The truth was that the assault on the mosque was a cold-blooded murder of six unarmed protesters and a doctor and medic who tried to aid the wounded. Then the mukhabarat planted assault rifles, grenades, bullets, and bundles of Syrian banknotes inside the mosque, filmed these alleged finds and broadcast the footage on Syrian state television.1 Protesters were cast as members of an armed gang who had killed the ambulance crew. According to Manaf, a whole story was fabricated about protest organizers being paid agents working for Israel, the West, and hostile regional governments and liaising with old enemies like the Muslim Brotherhood and Islamist extremists. The regime told Syrians it was a conspiracy while asserting to French officials that it was a simple law-and-order issue.

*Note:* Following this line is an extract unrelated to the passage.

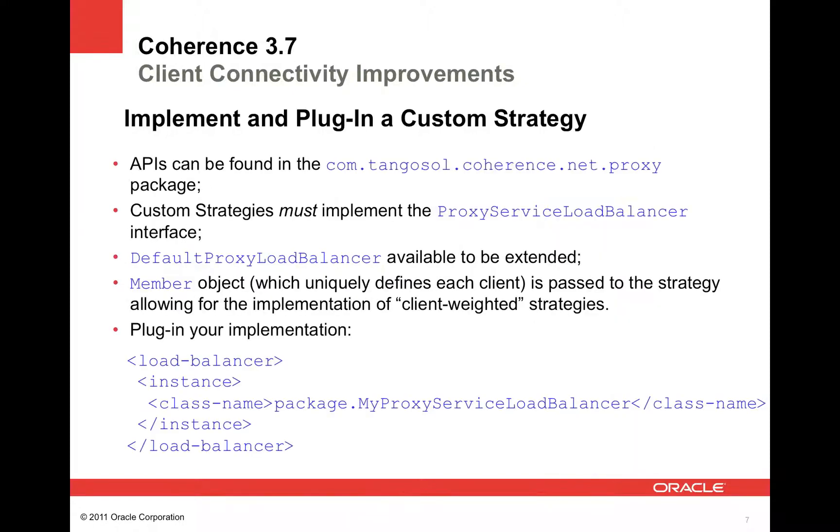As I mentioned previously, you can plug in your own custom strategies. The APIs can be found in the com.tangasol.coherence.net.proxy package. Custom strategies must implement the proxy service load balancer interface. You can extend the default proxy load balancer if you choose. A member object, which uniquely identifies each client, is passed to the strategy allowing for implementation of client-specific or client-weighted strategies. Then you simply plug in your implementation, passing the fully qualified class name to the load balancer instance element.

“The president [Bashar] will make a very important speech. He will announce major reforms. He sent me to assure you that everything will be okay,” Samaha told Claude Guéant, the French president’s point man for dealing with Bashar.2

Samaha was part of Bashar’s team that was interacting with the French since the onset of the rapprochement in 2007. He accompanied Bashar and Asma on at least three trips to Paris, including the one in December 2010, just before protests began to sweep through the Arab world.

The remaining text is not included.